Constructing the Weinstein story: the political economy of scandal

While the Weinstein scandal has generated a pseudo-systemic critique of sexual violence in the workplace, economic inequalities still determine who gets scandalised and who gets to respond

This is the fourth blog in a series on the political economy of the Weinstein scandal

Popular podcast The Guilty Feminist released two episodes of the show relating specifically to ‘Weinstein culture’. Comedian Jessica Fostekew commented in one of these that broadening the terms of discussions of sexual violence in the workplace to include a multitude of transgressions of varying degrees of severity is what lends power to the backlash and response to the scandal. She jokes that anyone who engages in inappropriate forms of behaviour at work, from rape to being ‘a bit handsy’, should be dubbed a ‘Harvey’. While this was said in jest, it draws attention to the growing sense that, while there are hugely variable examples being shared of examples of sexual harassment and violence at work, there is a culture that reinforces and allows the reproduction of certain behaviours across all sectors and industries in the economy. Her comments also highlight one aspect of the Weinstein scandal, the ensuing #MeToo campaign and generalised public outrage that is particularly interesting in that it has generated something akin to systemic critique of the extent of the issue. The viability of online social movements to bring about real world change is highly contested, and may require reinforcements in the form of organisational and social infrastructure to make a real change, but the opening up of public discussion does seem to hold some promise.

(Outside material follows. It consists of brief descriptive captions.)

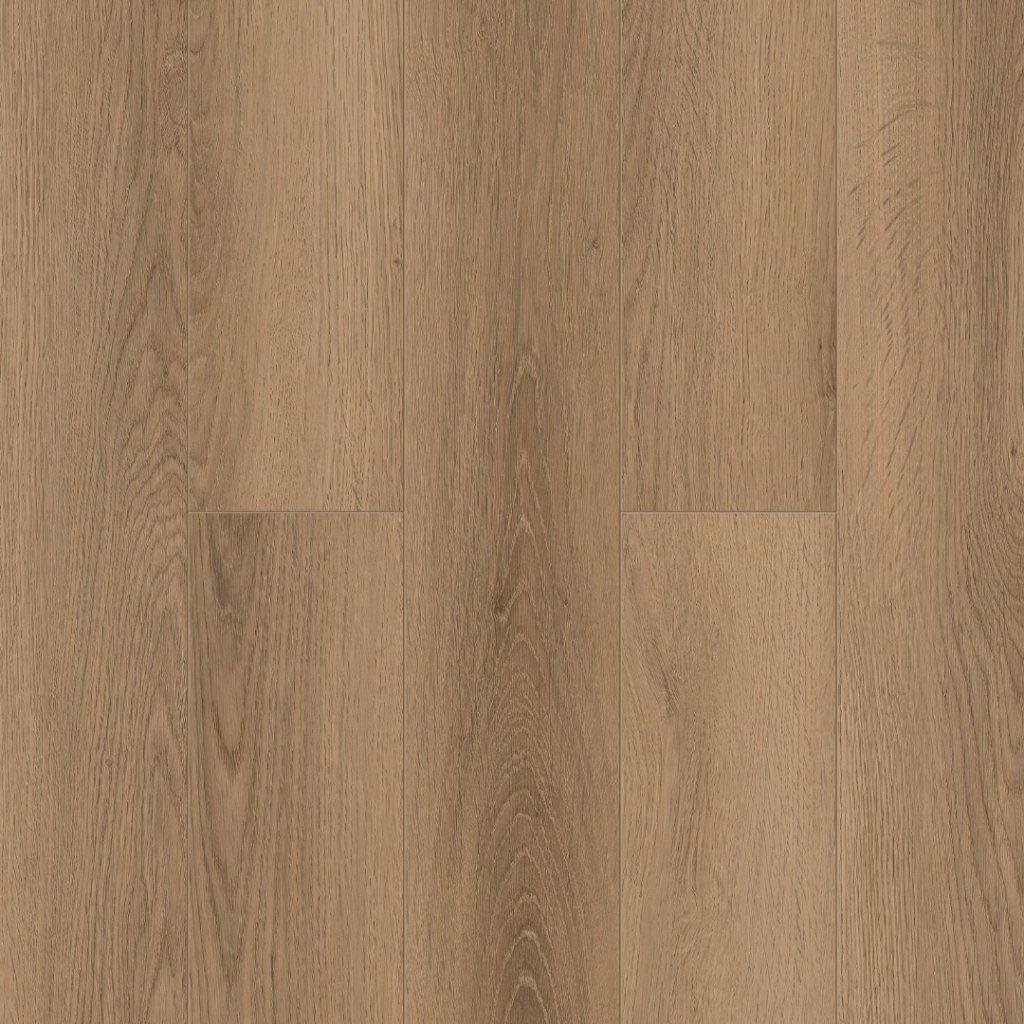 SPC ALPINE FLOOR Titan 8 Тритон ЕСО 27-8 18,3×122 Замковый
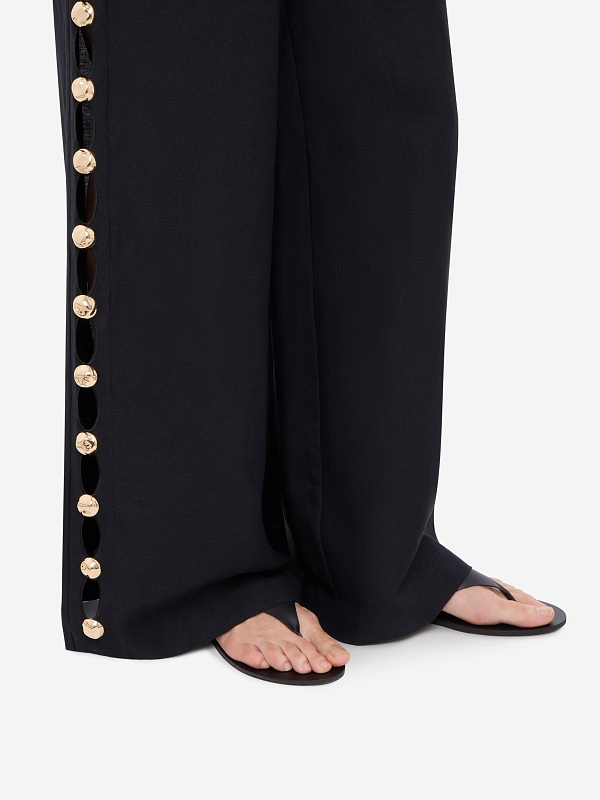 Сандалии жен Manebi Q 1.8 Y0 Q 1.8 - 6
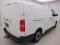 preview Opel Vivaro #1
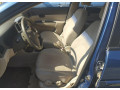 rozpredam-hyundai-accent-iii-small-3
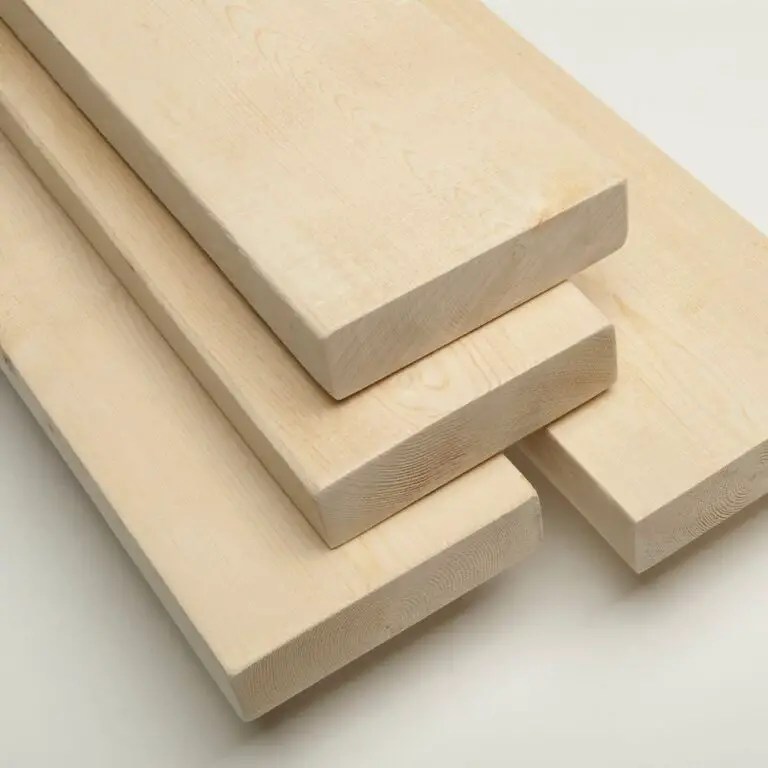 Steel Studs vs. Wood Studs Best for Wall Framing Construct PH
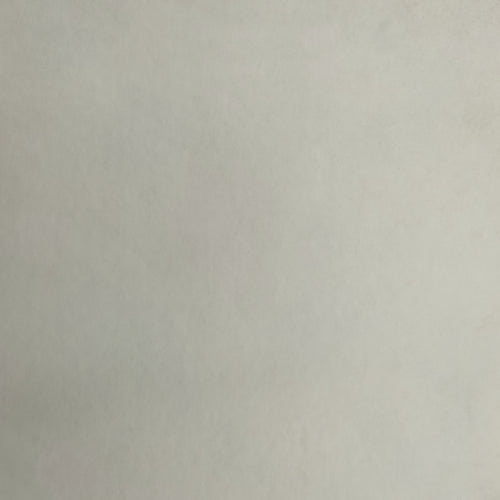 Обикновена екокожа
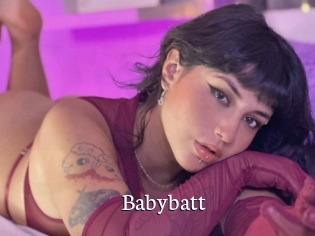 Babybatt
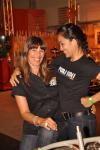 2011 07 01 tours bike 067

This is contradictory to some critical approaches to studying scandal. Hozic and True have argued that scandals turn systemic problems into matters of “individual failing”. Similarly, Johnson has argued that in wartime, scandals have the social effect of rendering that which is not ‘scandalous’ or ‘criminal’ in wartime permissible, and thus the practise of war itself is left largely unchallenged; this is a very convincing argument in the context of war. There is certainly a high degree of personalisation involved in the Weinstein case. However, unlike cases of wartime scandal, and contrary to the suggestion of Hozic and True, the widespread reaction from people who claimed ‘they too’ had suffered abuse at work suggest some kind of destabilisation of the underlying social conditions that allowed such endemic sexual violence in the workplace to continue for so long.

However, it is important to bear in mind that scandal is intrinsically bound up with the telling of some stories and the obscuring of others. Whose stories get scandalised and whose reaction then gains public attention is underpinned by an array of intersecting social and economic inequalities. To understand this, it is useful to consider the reasons behind the breaking of scandalous stories; while there are a multitude of factors involved in the breaking of a story, news agencies must ultimately deem a story profitable to be worth the reputational risk involved in publishing a scandal, particularly when there are powerful individuals such as Weinstein involved. When the evidence had mounted and the threat of libel charges was thought to be sufficiently minor, the story was broken. The profitability of scandal as a valuable commodity determines whose stories get told, and whose are simply not worth it in the eyes of news agencies and the news consuming public. Such high-profile individuals are those who carry the most weight in their ability to influence media activity, by influencing journalists or taking the agency to court, for example.

However, there is an additional and complicating dimension to the profitability of scandal. Such high-profile cases are likely to be the most lucrative for news agencies as consumers are more enthralled by the exposure of transgressions of the rich and famous compared to those of restaurant or office managers. There is therefore a tension involved in breaking stories in that the high-profile cases are simultaneously the most lucrative in terms of capturing consumers’ attention and the most risky in terms of the relative economic power of the transgressor.

Furthermore, where backlash can be significant enough to contest something greater than the scandal itself, there continues to be a telling of some stories and a subsequent obscuring of other voices. In the case of the Weinstein scandal, we were sold a story of a glamorous industry with an evil man pulling all the strings, and then we were presented with a barrage of reports from predominantly Western women in a position privileged enough to allow them access to social media. Where are the stories of agricultural workers on coffee plantations in Uganda, slum-dwelling women in Kolkata, or sex workers in Sheffield?

The movement revealed how sexual violence in the workplace can happen anywhere, but with a skewed view of what constituted ‘everywhere’. It is true it opened up a space for a generalised critique of the struggle faced by millions everyday in a competitive labour market and male-dominated workplace environments. However, moving forward, we need to be aware of the gaps in this apparently universal critique of sexual harassment and violence, in order to continue to feed the fire of the #MeToo campaign and recognise the plight of all workers – no matter their geographical location, gender, class or industry – and move towards a genuinely totalising critique of the role of sex abuse and domination in modern capitalism.